Il n'y a pas de commentaires associés a cet article. Vous pouvez réagir.
1373Le président Obama, dont la virtuosité intellectuelle ne peut être mise en doute mais pas plus l’emprisonnement-Système où il se trouve, est arrivé au point où ces deux éléments de sa situation s’unissent et se retournent contre lui, de plus en plus systématiquement. C’est le cas de cette conférence de presse du 9 août 2013 où il a notamment parlé de ses projets de “réforme” de la NSA, sur un ton d’une telle suffisance qu’il a conduit même ses plus sûrs alliés de la presse-Système à dénoncer le vide de ses propositions en même temps que son attitude (ou bien, dans le processus psychologique, son attitude les conduisant à dénoncer le vide de ses propositions). Une fois n’est pas coutume, mais c’est bien dans des organes de la presse-Système qu’on trouve quelques-unes des critiques les plus incisives et les plus violentes à l’encontre de l’intervention du président US, – et surtout ce ton qui leur dit à tous : “N’essayez pas de comprendre, vous êtes trop irresponsables est trop immatures ; j’ai compris pour vous, je me charge de tout et vous suivrez donc aveuglément ce que je décide”. Cette “suffisance paternaliste” (voir plus loin) n’est vraiment pas passée.
• Citons d’abord Politico.com, site de grande influence à Washington et d’orientation-Système patentée. Le site consacre plusieurs textes à la conférence de presse, centrés sur ce que le président à dit, et éventuellement promis, à propos de la NSA. Un texte général, de Josh Gerstein le 9 août 2013, rapporte le scepticisme général qui a accueilli ces déclarations («Obama's NSA plans bring skepticism»). L’on s’attache surtout au texte de Edward-Isaac Dovere du 9 août 2013, au titre plein d’ironie («Barack Obama: If only you understood»). C’est surtout le ton du président (“suffisance paternaliste”) qui est mis en cause, dans un style presque parodique, – et l’on peut alors commencer à mesurer le degré d’importance des dégâts qu’Obama a porté à sa cause avec ses interventions.
«America, President Barack Obama said Friday, you’re just like my wife. You’re always on my case.

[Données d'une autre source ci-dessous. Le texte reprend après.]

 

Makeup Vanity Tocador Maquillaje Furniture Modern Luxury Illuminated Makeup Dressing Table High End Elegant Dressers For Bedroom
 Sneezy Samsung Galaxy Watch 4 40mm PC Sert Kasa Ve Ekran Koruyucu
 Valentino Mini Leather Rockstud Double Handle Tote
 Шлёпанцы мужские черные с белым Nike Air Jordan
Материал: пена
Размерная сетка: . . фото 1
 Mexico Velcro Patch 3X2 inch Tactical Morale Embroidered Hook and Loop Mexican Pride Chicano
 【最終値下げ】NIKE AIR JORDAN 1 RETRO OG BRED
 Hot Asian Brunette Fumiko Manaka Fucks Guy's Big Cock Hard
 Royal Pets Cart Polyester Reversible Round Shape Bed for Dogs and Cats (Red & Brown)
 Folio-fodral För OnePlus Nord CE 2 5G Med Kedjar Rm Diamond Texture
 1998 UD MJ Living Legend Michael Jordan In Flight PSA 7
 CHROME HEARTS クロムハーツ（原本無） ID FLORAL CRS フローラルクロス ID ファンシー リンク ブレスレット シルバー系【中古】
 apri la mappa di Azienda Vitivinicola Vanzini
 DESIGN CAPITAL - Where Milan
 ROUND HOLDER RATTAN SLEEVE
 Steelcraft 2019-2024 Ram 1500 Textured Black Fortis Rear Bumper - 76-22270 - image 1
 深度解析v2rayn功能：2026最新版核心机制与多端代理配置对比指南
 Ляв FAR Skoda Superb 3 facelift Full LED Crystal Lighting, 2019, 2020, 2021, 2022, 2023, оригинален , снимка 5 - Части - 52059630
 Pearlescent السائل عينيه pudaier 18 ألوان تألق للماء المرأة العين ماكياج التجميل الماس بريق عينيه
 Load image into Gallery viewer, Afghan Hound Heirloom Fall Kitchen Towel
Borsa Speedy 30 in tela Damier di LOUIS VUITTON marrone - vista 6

»Obama’s patronizing attitude has never been far from the surface, or from the minds of his political opponents. But not since he said two years ago that his daughters did a better job than Congress in getting their homework done has he been this explicit. It’s the flip side of “I got this”: everyone else doesn’t. That more than anything was the theme of Obama’s brusque, brisk pre-summer vacation press conference. [...]
»So okay, Obama said, he understands when people express their frustration about the surveillance programs. As long as he and America are going to be stuck in this marriage another three-and-a-half years, he’ll play along. “If I tell Michelle that I did the dishes — now, granted, in the White House, I don’t do the dishes that much, but back in the day,” Obama said, “and she’s a little skeptical, well, I’d like her to trust me, but maybe I need to bring her back and show her the dishes and not just have her take my word for it.”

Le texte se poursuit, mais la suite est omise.